→ **THE INPUT**

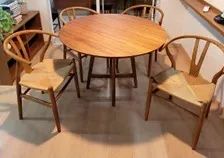 Mesa redonda Tokstok com 4 cadeiras estilo Bone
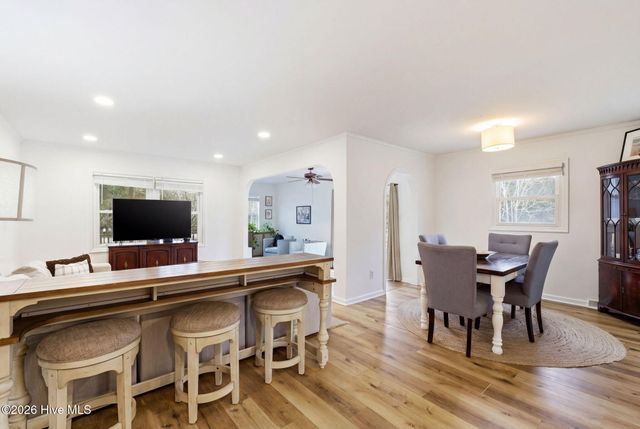 220 Willis Drive, Southport, NC 28461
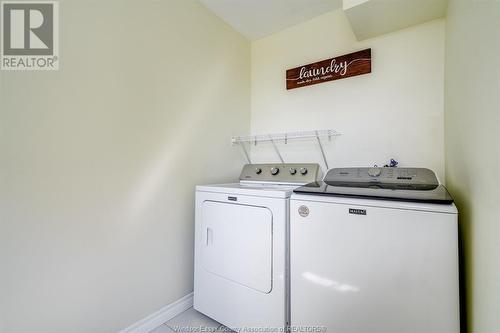 7691 Tecumseh Road, Lakeshore, ON - Indoor Photo Showing Laundry Room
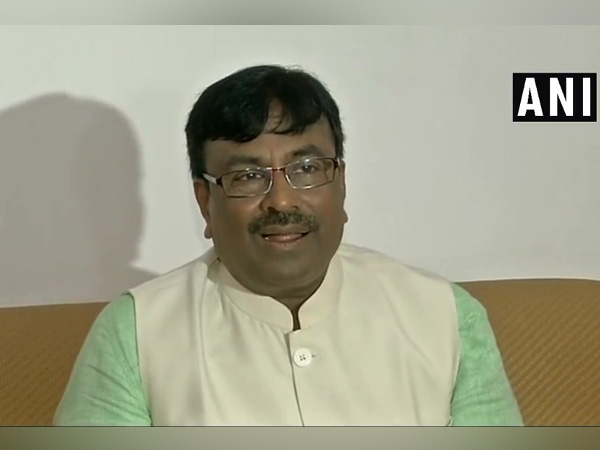 BJP leader Sudhir Mungantiwar (file pic)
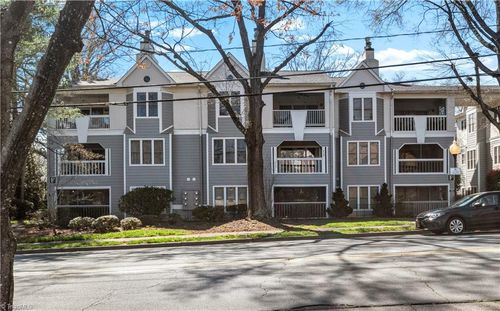239-building-f-239 Oakwood Ct, Winston-Salem, NC, 27103-1925 | Card Image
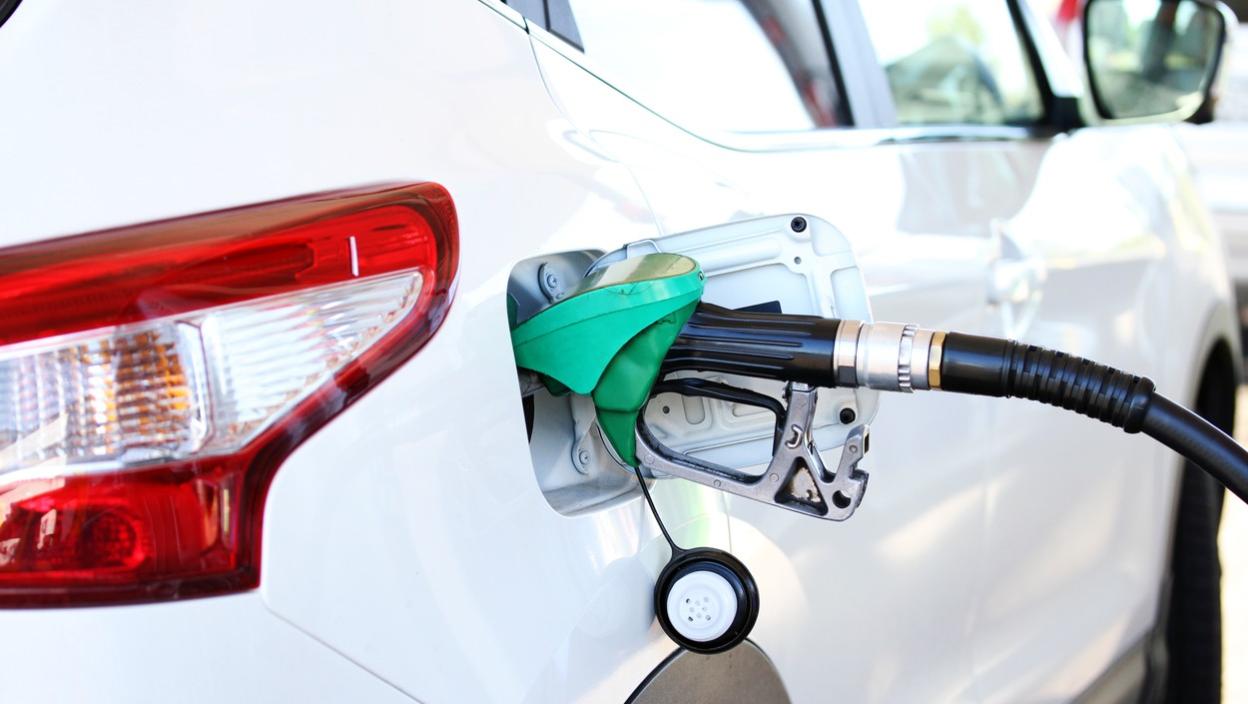 OVO SU NOVE CENE GORIVA Evo koliko ćemo narednih 7 dana plaćati benzin i dizel!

→ **EXERCISE INSTRUCTIONS**
Every record above must be copied exactly, and no picture may appear in the copy.

→ **WRITTEN SOLUTION**
 Mesa redonda Tokstok com 4 cadeiras estilo Bone
 220 Willis Drive, Southport, NC 28461
 7691 Tecumseh Road, Lakeshore, ON - Indoor Photo Showing Laundry Room
 BJP leader Sudhir Mungantiwar (file pic)
239-building-f-239 Oakwood Ct, Winston-Salem, NC, 27103-1925 | Card Image
 OVO SU NOVE CENE GORIVA Evo koliko ćemo narednih 7 dana plaćati benzin i dizel!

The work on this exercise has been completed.